Well it has happened hasn't it. - If you are a first time home buyer you have missed the bottom. I have tried to explain in several blogs and emails about taking advantage of the market conditions while the market was cold and the interest rate was hot. Now with a 1/2% interest rate hike last week to 5.5% we can fully appreciate the previous 4.8% financing....and we won't even talk about the rarefied air of the 3.875% financing that was available on select properties.

So now you want to know will the rate come back down. The answer is maybe - but probably not. No one knows the answer,( just as no one could predict when the rate would go up). What I can tell you is we have definitely reached bottom in the under $200k price range. In the last 90 days home prices have stabilized in the sub $200k range and the ratio of sales price to asking price has increased from 95% to around 98%-99%. The 1st time buyer Tax Rebate program has been effective in getting the lower price range moving.

With the Government increasing the Bond prices to attract investors the mortgage market is not looking as competitive and obviously investors are only loyal to the return on their investment.

The cost of complacency is more poignant when you consider the cost of mortgages relative to purchase power.

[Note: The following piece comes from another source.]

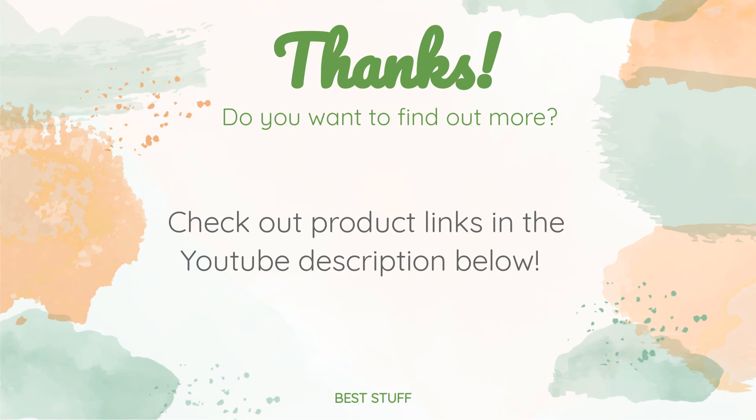Thanks for watching and hope you liked it. As always, all the links about the products will be in the description below, so if you want to find the best prices and more information that we might not get a chance to mention in the video, be sure to check them out.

Lets say you were looking at buying a $200k home with FHA 3.5% minimum down which would give you $193k loan @ 5% for a $1036. monthly payment. Now lets say while you re waiting for interest rate or home price to drop the rate goes up to 5.5%. Now your $193k loan payment goes up to $1095 per month. This .5% change in interest rate = $11,000 in purchase power! In other words you could have bought a $211,000 home with 3.5% FHA down for a $203,615 Loan amount at 5% interest for a $1093. payment!

You may say well I'm not a 1st time buyer so I am not affected as much. OK let's look at your situation. Let's say you have a $210,000 home and you have held off lowering the price $10k because you want every dollar you can get (don't we all!) Now lets say your move up home is going to be $300k and your going to put 20% down for a $240k loan. At 5% interest rate your monthly would be $1288. Now lets say you hold off for 90 more days trying to extract that infamous $10k on your existing house and in the meantime interest rates go up to 5.75% - Your monthly payment goes up to $1400. - If you would have lowered your sales price to $200k and taken the 5% money you would be $54 a month ahead even after borrowing $10K more because you took 10k less for your house!

Here is the bottom line: The cost between what you are trying to achieve today and what you will be able to achieve tomorrow will never be less than it is right now today. The longer you wait the greater the distance is going to be between what you can buy with your money today and what you can buy later. We all know that these low rates will not sustain We know that recovery will take place and with the new administration quadrupling the national debt we can be assured that we are going to have inflation. New construction is at a 2 decade low in cost of building. Building lots have been slashed in half to sub 2002 levels or lower. The cost to develop a lot tomorrow will exceed the cost of a building lot today if the bare ground was free! Builder, developers and banks are willing to sell at bottom prices to either promote growth or clear inventory.

Do what you have to do to take advantage of these conditions today! You are no longer in a gaining position by waiting. If you need to sell 1st, drop the price and make it move and take the hit. If you don't have to sell then seriously start your purchasing process now. You are going backwards while you wait.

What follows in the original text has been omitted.